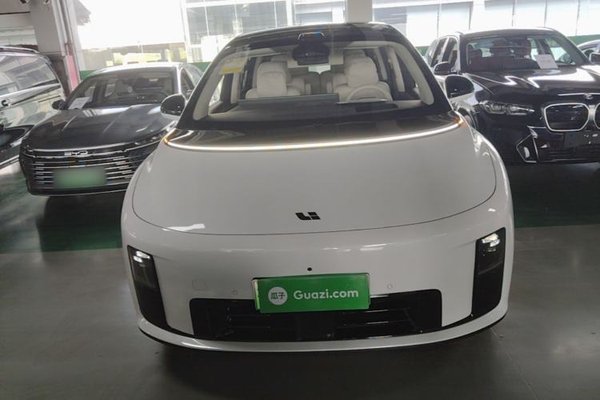 Li Auto Li Auto i8 2025, 100 км, за 48126 USD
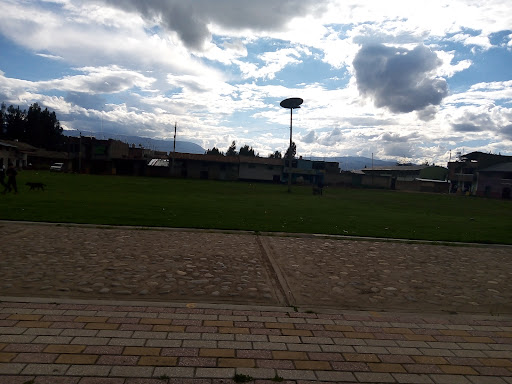 Plaza de Hualhuas - Tourist attraction in the Hualhuas District, Peru
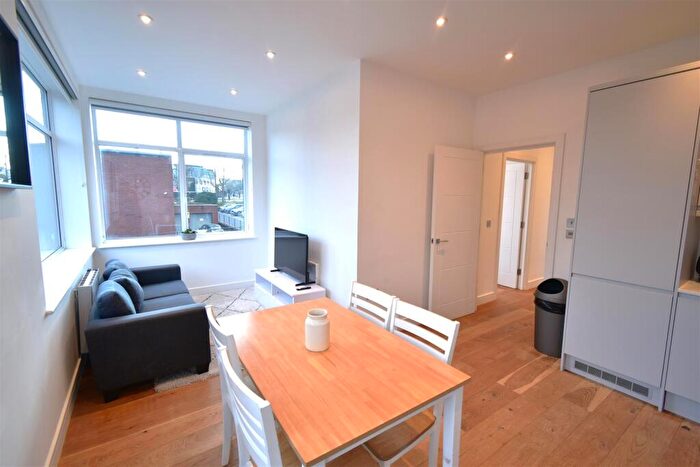 2 Bedroom House To Rent In Stoke Road, Slough, SL2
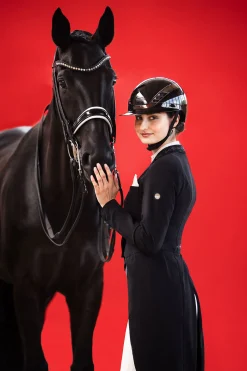 Sale pikeur Abus AirLuxe Chrome ridehjelm med lengre brem Black/Shiny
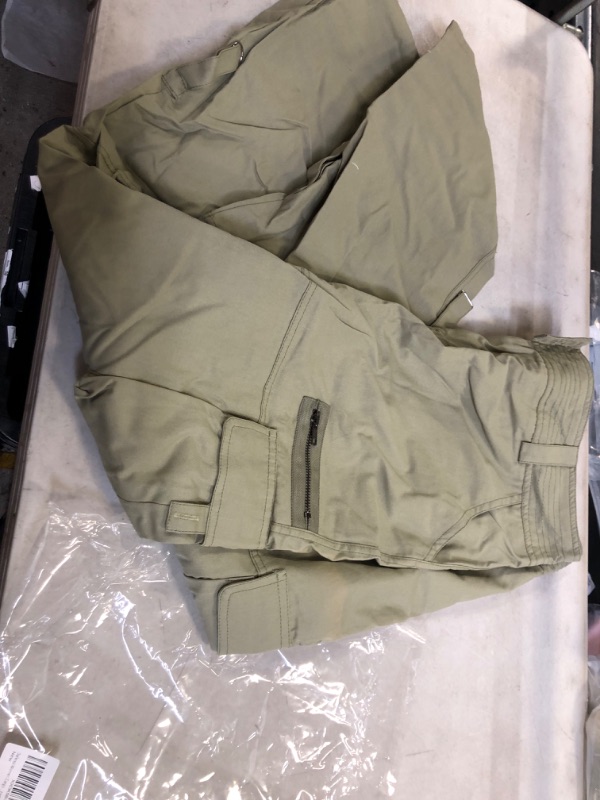 Photo 1 of 2xl green cargo pants 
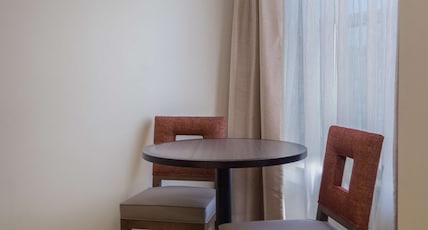 Hampton Inn by Hilton Waterville Room Type - 2 QNS STUDIO SUITE NONSMOK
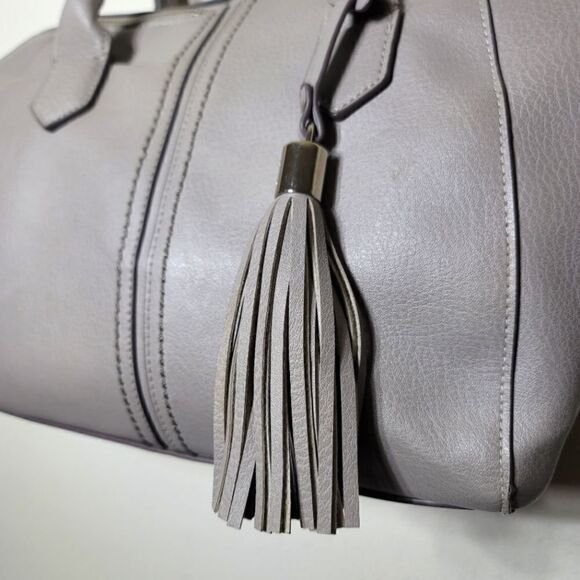 Maurices Grey Fringe Tassle Keychain Faux Leather Shoulder Bag Satchel - Picture 5 of 10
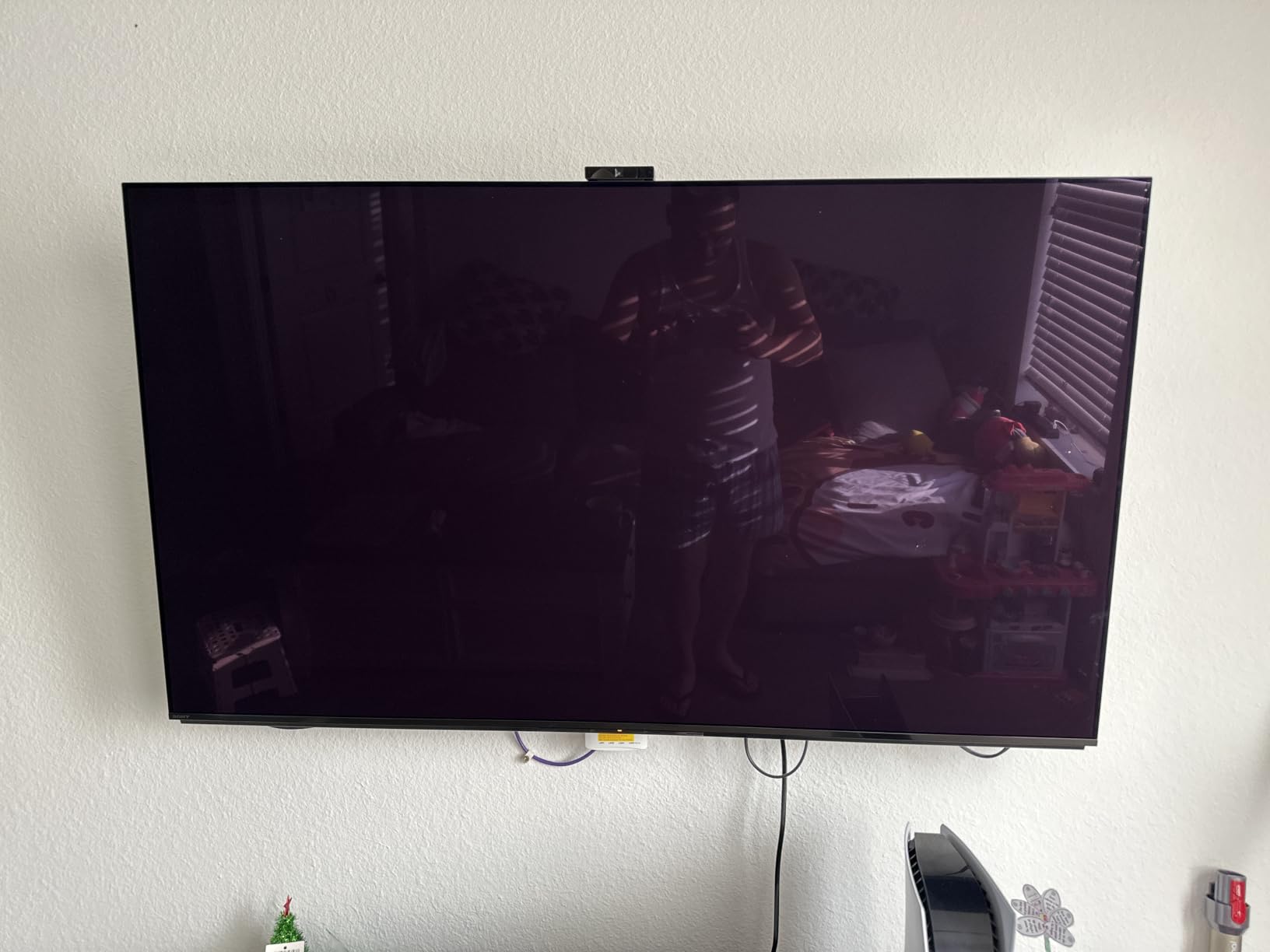 Sony QD-OLED 77 inch BRAVIA XR A95L Series 4K Ultra HD TV: Smart Google TV with Dolby Vision HDR and Exclusive Gaming Features for The PlayStation® 5 XR77A95L- Latest Model,Black customer photo 2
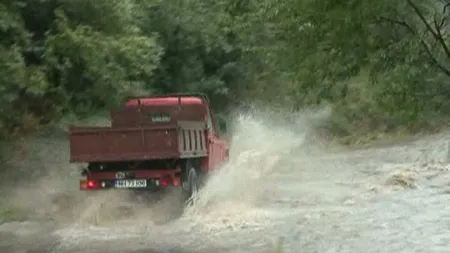 FURTUNI violente în România. Apele au măturat mai multe localităţi din ţară VIDEO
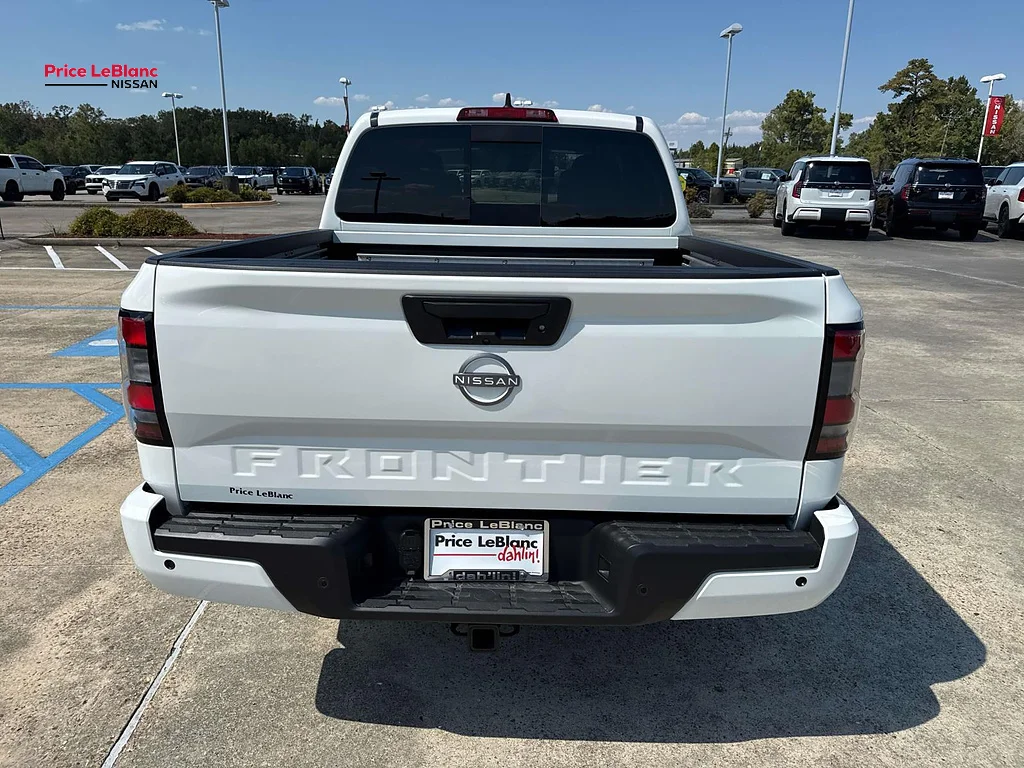 New 2026 Glacier White Nissan Crew Cab SV 4x2 image 6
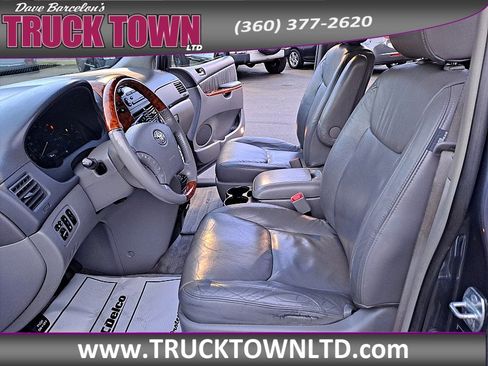 Used 2006 Toyota Sienna XLE Limited image 16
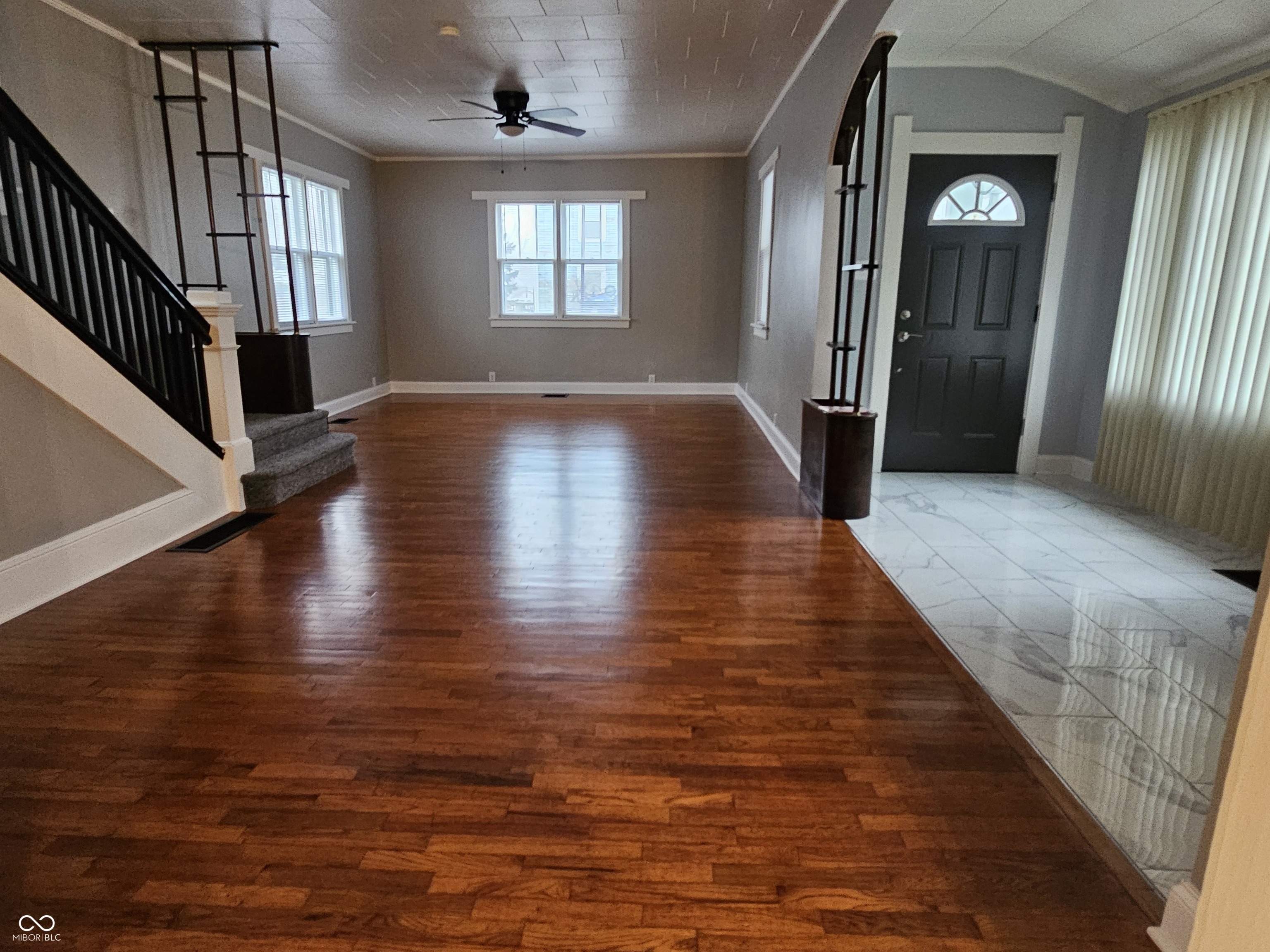 335 West 4th Street Anderson, IN 46016 - Photo 3 of 24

-=-=-=-=-

= REQUIRED ACTION =
Within the listing above, extract exactly the lines that run from the one containing "Maurices Grey Fringe Tassle" through the one containing "Sony QD-OLED 77", excluding any pictures.

= WRITTEN RESPONSE =
 Maurices Grey Fringe Tassle Keychain Faux Leather Shoulder Bag Satchel - Picture 5 of 10
 Sony QD-OLED 77 inch BRAVIA XR A95L Series 4K Ultra HD TV: Smart Google TV with Dolby Vision HDR and Exclusive Gaming Features for The PlayStation® 5 XR77A95L- Latest Model,Black customer photo 2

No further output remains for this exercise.